_How to complete this task_
In the records below, find the line that contains "Lengua 2. Cuaderno". Retype that line and all the lines after it through the end, leaving out the pictures.
[Data listing]
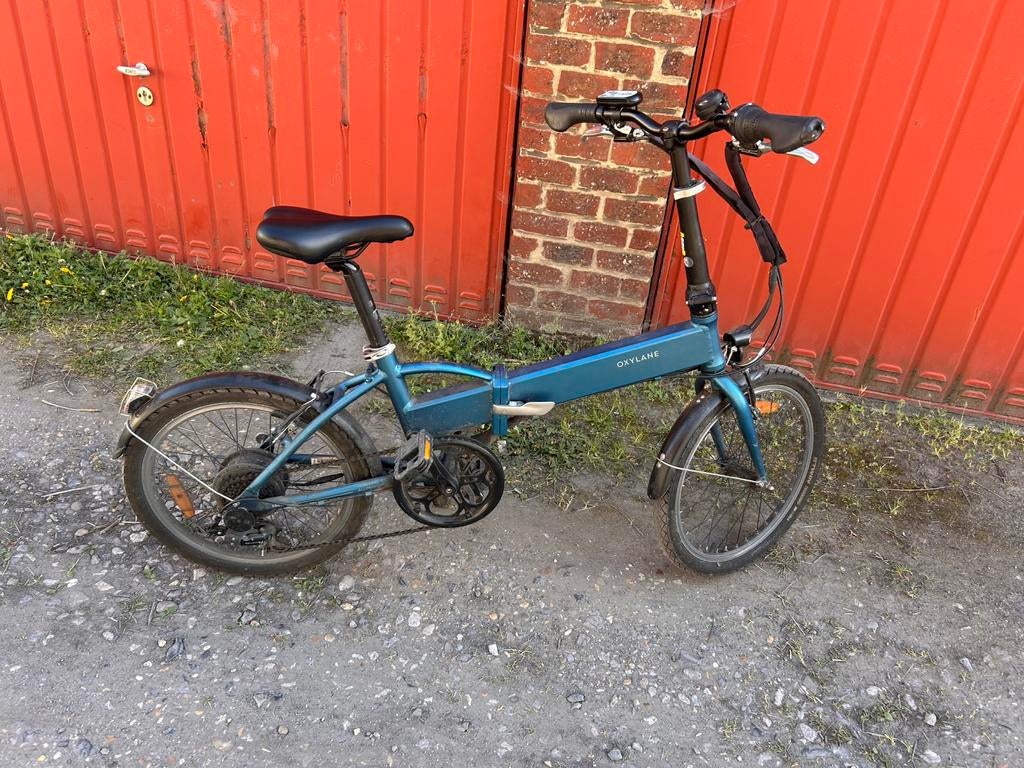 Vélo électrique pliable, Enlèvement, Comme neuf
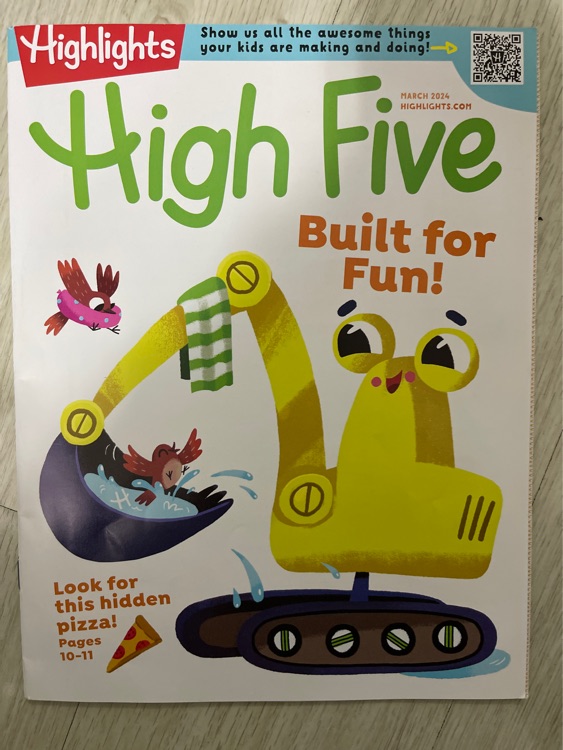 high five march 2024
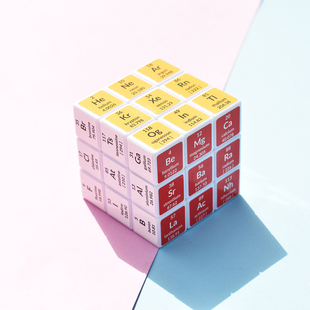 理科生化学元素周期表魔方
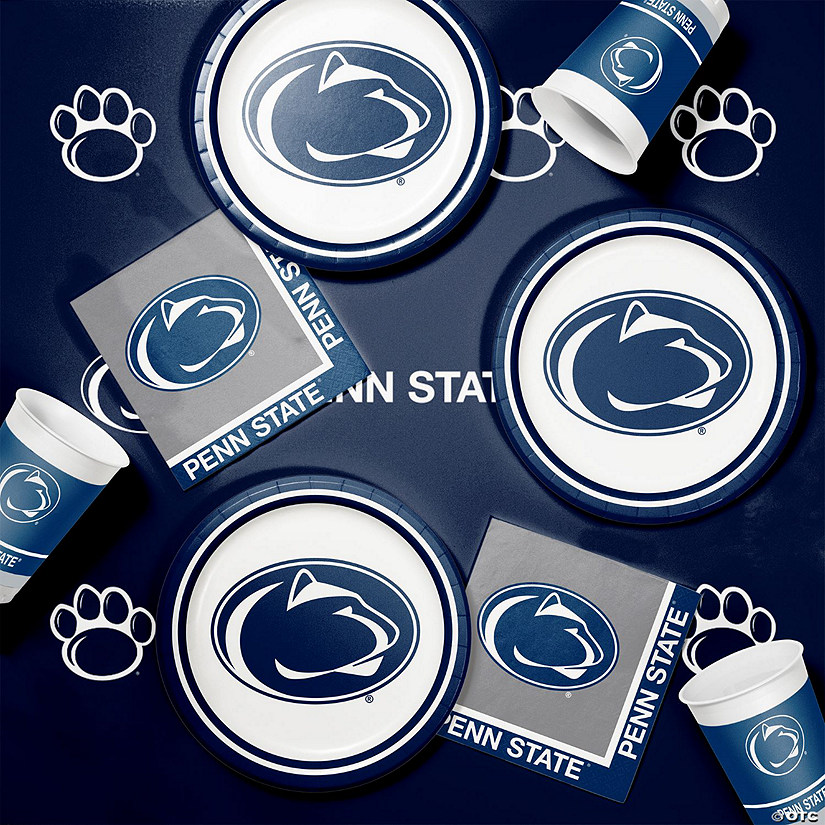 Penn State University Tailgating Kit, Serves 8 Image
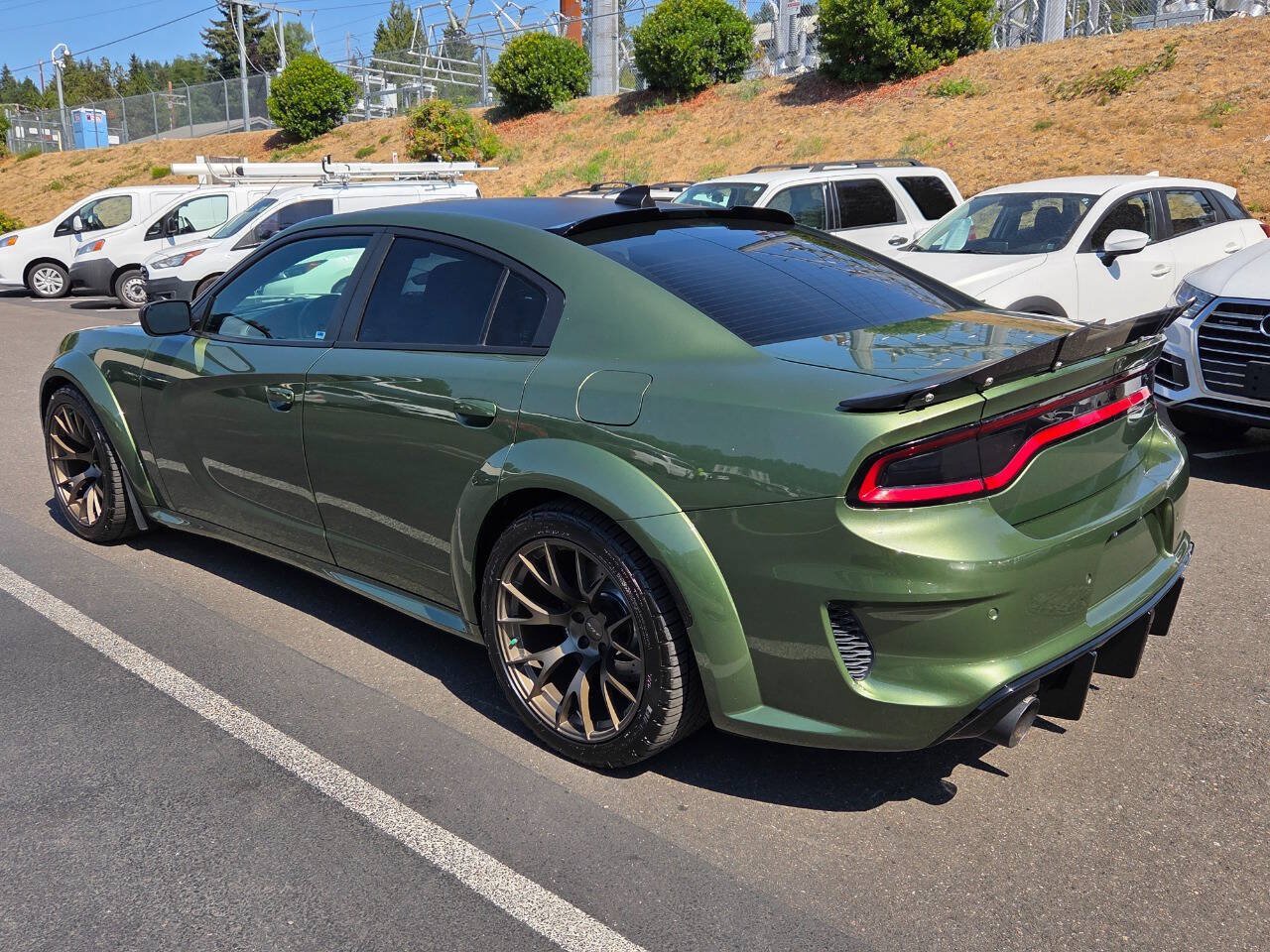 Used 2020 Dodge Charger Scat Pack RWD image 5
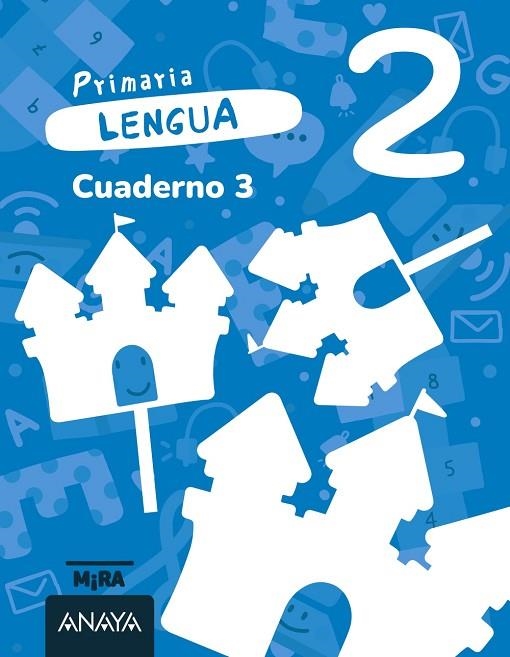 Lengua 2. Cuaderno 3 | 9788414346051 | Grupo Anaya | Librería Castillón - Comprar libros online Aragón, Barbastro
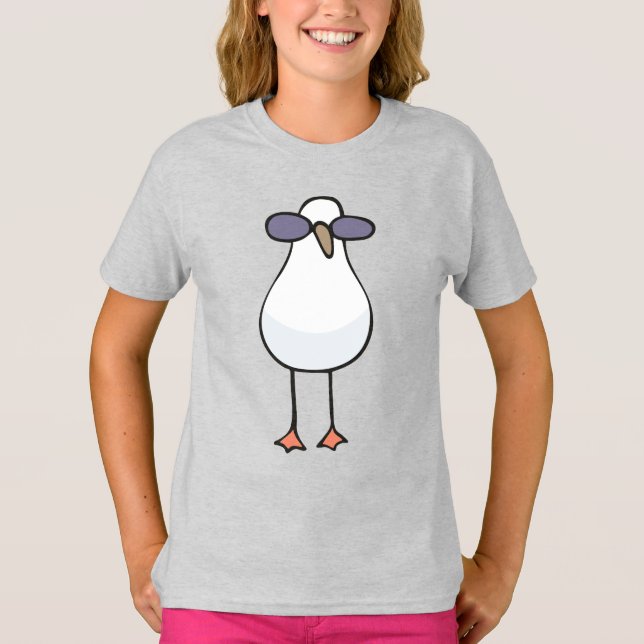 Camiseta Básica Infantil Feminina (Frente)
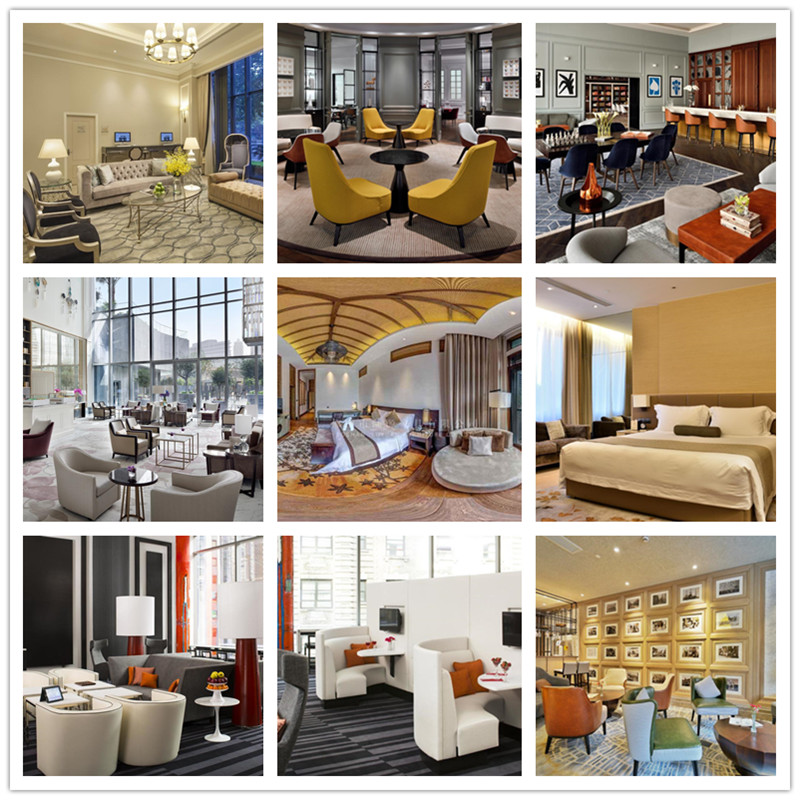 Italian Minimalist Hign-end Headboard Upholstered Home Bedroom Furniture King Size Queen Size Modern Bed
[/Data listing]
_Task response_
 Lengua 2. Cuaderno 3 | 9788414346051 | Grupo Anaya | Librería Castillón - Comprar libros online Aragón, Barbastro
 Camiseta Básica Infantil Feminina (Frente)
 Italian Minimalist Hign-end Headboard Upholstered Home Bedroom Furniture King Size Queen Size Modern Bed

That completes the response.